Of all the many year-end lists I read in December, I’ve been having the most fun with one from “Variety” called “The most overlooked films of the year.” This worthy category includes several I have loved, from “Frank” to Margaret Brown’s “The Great Invisible,” so I figure the whole list is pretty trustworthy, which brings us to “Obvious Child,” a wonderful surprise about a touchy subject.

Jenny Slate shines as a single woman dealing with the predictable effects of an unprotected one-night stand.

Jenny Slate shines as a single woman dealing with the predictable effects of an unprotected one-night stand.


Jenny Slate stars as a twenty-something stand-up comedian who gets unceremoniously dumped by a cheating boyfriend in the film’s first moments. Slate is a funny and compelling woman who was also on “Saturday Night Live” briefly, “Bored to Death” on HBO, “Parks and Recreation” and if you have kids you may know her as the author of “Marcel the Shell with Shoes On.” That’s a strange and delightful YouTube film she made and voiced and turned into a strange and delightful picture book of which I am quite fond.

Despite the popularity of her alter ego Marcel the Shell, I think we can safely term this role her break-out performance. As Donna, she is vulnerable but not pathetic, and her actions and reactions are entirely believable.

Humiliated and brokenhearted, she meets a cute guy at the comedy club where she performs and hangs out and he charms her despite being a square business type guy instead of a hip comedian. That (plus lots of alcohol) ends in a one night stand and their hook-up, while perhaps ill-advised from a contraceptive standpoint, is fun and satisfying, not debauched and depressing.

Amidst the bummer that her job at a bookstore is coming to an end with its closure, she discovers that she’s pregnant, and no time is spent agonizing over what to do next. She decides to have an abortion.

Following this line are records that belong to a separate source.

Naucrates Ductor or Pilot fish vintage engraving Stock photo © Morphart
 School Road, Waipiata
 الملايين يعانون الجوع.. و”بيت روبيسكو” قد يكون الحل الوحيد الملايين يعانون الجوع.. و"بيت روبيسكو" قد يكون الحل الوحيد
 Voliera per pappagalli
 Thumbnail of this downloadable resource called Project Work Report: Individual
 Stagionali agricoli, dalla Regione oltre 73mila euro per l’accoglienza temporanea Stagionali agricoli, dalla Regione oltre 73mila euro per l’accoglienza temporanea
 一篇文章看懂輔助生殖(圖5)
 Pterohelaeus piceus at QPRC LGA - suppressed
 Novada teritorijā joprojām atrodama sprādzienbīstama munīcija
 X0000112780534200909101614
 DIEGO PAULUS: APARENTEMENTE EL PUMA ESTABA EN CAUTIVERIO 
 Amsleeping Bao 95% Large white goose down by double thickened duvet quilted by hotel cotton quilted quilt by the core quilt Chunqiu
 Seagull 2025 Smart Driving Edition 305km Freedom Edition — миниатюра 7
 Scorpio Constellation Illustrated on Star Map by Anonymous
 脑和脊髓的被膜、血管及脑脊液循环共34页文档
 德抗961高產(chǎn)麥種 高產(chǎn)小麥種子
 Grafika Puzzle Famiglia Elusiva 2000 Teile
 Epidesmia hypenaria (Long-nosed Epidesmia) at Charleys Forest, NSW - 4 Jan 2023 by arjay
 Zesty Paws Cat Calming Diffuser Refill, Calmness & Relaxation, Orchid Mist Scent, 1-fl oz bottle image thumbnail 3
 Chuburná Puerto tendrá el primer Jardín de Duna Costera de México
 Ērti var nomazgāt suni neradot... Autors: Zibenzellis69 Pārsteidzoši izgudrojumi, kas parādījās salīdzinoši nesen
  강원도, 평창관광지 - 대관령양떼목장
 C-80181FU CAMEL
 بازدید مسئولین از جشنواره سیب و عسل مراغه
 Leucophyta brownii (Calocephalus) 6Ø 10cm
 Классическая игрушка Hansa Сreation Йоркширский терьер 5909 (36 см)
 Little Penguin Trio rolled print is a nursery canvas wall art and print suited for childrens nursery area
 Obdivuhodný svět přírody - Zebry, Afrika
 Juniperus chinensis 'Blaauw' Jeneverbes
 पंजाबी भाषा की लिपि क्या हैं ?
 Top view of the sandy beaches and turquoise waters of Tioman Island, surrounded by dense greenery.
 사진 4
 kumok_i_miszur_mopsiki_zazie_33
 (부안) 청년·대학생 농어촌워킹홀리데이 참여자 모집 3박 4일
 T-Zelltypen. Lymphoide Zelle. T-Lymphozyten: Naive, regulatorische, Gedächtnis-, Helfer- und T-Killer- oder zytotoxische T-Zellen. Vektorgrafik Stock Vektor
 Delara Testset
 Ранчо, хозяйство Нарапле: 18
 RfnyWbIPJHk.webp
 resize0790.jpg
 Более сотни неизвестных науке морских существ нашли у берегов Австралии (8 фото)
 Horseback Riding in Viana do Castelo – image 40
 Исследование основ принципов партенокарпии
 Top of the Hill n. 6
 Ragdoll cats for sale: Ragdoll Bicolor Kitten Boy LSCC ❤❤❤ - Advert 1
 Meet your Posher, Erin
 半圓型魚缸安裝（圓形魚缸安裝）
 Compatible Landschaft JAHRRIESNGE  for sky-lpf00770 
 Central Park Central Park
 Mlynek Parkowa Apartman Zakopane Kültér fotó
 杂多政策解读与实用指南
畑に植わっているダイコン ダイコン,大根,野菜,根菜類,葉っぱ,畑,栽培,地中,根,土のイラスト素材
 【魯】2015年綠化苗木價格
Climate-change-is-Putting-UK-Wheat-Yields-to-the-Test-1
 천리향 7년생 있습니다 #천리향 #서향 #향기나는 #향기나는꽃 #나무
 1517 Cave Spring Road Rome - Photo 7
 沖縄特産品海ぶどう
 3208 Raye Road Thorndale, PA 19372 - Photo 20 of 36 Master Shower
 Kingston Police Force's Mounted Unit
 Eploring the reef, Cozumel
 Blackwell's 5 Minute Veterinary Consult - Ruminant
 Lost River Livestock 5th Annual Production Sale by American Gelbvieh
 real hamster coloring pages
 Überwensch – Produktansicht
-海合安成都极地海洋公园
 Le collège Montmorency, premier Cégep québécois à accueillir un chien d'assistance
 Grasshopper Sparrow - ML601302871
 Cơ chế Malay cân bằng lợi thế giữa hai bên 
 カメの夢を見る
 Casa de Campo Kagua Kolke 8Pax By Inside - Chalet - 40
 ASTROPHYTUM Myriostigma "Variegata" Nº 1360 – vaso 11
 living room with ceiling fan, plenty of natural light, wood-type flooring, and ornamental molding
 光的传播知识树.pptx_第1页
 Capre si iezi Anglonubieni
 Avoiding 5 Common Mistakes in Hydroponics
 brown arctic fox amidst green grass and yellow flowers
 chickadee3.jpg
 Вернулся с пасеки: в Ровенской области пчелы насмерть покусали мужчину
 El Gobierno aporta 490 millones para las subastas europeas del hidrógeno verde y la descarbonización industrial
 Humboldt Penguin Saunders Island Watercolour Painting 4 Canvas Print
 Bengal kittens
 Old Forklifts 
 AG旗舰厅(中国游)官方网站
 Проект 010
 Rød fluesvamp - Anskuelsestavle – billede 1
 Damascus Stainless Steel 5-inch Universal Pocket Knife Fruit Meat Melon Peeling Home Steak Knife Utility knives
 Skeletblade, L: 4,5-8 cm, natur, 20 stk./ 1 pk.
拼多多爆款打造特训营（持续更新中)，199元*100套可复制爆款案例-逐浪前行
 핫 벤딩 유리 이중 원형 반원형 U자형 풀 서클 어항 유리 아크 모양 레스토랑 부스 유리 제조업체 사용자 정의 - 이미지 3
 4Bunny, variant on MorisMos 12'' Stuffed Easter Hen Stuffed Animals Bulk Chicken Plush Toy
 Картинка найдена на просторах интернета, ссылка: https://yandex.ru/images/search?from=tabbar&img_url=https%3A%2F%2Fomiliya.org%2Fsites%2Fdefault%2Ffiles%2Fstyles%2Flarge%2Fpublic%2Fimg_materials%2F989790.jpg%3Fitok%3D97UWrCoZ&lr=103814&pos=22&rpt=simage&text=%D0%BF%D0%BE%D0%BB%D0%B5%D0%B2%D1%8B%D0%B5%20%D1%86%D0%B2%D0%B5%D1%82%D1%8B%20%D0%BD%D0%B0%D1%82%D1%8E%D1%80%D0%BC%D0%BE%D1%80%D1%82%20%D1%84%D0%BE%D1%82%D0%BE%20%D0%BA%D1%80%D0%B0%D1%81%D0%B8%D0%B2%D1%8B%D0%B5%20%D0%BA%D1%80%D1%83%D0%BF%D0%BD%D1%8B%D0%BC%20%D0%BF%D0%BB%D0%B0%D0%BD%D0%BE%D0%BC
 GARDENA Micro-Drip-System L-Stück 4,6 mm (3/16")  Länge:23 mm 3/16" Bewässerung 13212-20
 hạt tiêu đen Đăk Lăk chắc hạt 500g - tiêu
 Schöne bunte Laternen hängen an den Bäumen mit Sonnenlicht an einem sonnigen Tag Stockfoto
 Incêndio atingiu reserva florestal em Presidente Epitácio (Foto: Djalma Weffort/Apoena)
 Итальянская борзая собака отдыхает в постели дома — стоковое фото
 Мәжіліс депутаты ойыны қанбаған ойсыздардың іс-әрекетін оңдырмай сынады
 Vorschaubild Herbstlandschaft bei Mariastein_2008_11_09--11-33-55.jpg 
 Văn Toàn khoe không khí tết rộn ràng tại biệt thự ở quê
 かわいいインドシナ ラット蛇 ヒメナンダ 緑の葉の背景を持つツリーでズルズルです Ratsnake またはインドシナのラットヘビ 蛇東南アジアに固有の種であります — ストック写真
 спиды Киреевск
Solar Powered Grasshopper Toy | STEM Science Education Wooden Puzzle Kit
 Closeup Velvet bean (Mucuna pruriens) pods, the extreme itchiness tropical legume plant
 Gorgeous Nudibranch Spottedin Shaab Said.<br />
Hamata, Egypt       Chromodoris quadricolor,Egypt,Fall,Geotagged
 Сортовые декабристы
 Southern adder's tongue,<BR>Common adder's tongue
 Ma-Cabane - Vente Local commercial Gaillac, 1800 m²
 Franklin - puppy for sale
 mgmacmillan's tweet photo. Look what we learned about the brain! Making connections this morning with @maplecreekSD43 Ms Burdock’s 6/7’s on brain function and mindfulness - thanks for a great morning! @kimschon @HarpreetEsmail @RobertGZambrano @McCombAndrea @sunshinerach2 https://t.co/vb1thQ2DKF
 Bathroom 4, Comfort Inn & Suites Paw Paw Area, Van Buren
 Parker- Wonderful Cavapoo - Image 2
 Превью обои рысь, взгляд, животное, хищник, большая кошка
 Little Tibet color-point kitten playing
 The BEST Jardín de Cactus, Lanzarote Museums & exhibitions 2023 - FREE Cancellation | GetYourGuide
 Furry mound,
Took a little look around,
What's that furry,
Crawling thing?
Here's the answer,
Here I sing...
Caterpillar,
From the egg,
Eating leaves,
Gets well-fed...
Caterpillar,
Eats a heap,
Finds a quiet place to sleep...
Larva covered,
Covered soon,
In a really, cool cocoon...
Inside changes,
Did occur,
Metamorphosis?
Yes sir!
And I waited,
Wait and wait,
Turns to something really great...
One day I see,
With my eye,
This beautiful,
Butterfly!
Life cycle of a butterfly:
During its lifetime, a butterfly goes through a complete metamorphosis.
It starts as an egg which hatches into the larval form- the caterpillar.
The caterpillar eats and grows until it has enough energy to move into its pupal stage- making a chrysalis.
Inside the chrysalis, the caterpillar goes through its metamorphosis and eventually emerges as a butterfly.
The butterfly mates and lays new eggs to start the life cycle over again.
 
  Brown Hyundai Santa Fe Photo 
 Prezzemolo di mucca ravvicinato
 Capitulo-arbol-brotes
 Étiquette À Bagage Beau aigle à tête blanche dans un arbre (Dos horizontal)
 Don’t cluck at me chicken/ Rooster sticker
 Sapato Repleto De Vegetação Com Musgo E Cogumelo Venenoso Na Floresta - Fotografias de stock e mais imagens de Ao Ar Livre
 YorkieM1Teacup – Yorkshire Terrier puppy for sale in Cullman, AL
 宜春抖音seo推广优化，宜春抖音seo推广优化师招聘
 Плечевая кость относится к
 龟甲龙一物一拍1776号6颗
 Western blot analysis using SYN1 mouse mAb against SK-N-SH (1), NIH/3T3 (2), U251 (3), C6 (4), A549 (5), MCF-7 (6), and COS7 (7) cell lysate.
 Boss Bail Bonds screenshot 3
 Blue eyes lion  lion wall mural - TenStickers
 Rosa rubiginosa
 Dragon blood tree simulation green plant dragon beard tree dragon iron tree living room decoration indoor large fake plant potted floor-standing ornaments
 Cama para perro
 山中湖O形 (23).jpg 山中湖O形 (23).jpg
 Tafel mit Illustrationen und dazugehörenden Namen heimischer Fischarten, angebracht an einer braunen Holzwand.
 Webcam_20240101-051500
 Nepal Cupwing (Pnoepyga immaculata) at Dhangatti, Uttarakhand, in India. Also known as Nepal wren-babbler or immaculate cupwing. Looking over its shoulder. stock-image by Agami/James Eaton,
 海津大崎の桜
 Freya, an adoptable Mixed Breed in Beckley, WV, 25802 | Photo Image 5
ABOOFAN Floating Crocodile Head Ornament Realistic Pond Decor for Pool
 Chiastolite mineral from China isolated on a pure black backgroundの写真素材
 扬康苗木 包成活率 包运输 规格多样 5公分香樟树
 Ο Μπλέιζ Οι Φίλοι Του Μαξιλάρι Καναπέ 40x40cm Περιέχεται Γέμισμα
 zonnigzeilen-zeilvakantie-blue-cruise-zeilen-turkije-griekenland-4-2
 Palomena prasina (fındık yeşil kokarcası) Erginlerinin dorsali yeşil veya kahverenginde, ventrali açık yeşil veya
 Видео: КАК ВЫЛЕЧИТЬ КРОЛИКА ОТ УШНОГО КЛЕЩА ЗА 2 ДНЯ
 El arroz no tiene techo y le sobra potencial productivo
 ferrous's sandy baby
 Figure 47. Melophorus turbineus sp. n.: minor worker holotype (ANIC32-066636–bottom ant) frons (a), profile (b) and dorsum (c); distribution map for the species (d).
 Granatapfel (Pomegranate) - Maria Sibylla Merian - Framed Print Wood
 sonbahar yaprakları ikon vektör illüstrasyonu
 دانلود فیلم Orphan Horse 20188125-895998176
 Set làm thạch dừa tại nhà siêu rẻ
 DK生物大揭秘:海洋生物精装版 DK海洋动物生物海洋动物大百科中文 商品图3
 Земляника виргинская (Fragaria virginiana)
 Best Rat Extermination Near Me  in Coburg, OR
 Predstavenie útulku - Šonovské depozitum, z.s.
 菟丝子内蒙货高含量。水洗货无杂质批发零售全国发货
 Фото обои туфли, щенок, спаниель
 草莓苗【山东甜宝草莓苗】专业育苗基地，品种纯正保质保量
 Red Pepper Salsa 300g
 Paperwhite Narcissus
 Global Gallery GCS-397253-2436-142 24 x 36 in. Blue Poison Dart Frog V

What makes this film so unusual and, presumably, controversial is that she doesn’t really debate her decision at all. She’s certainly upset and sad, but her choice is pretty matter of fact. I think this is a very refreshing view for many women. In a short and sweet film, she navigates the two weeks she must wait to have the procedure, and decides how to handle the fallout with the father.

The film doesn’t demonize her or make her a hero for what she does; she is simply, as she refers to herself, a female human. Full of humor and humanity, “Obvious Child” is a nicely underplayed character study and its stars bring their characters fully and memorably to life.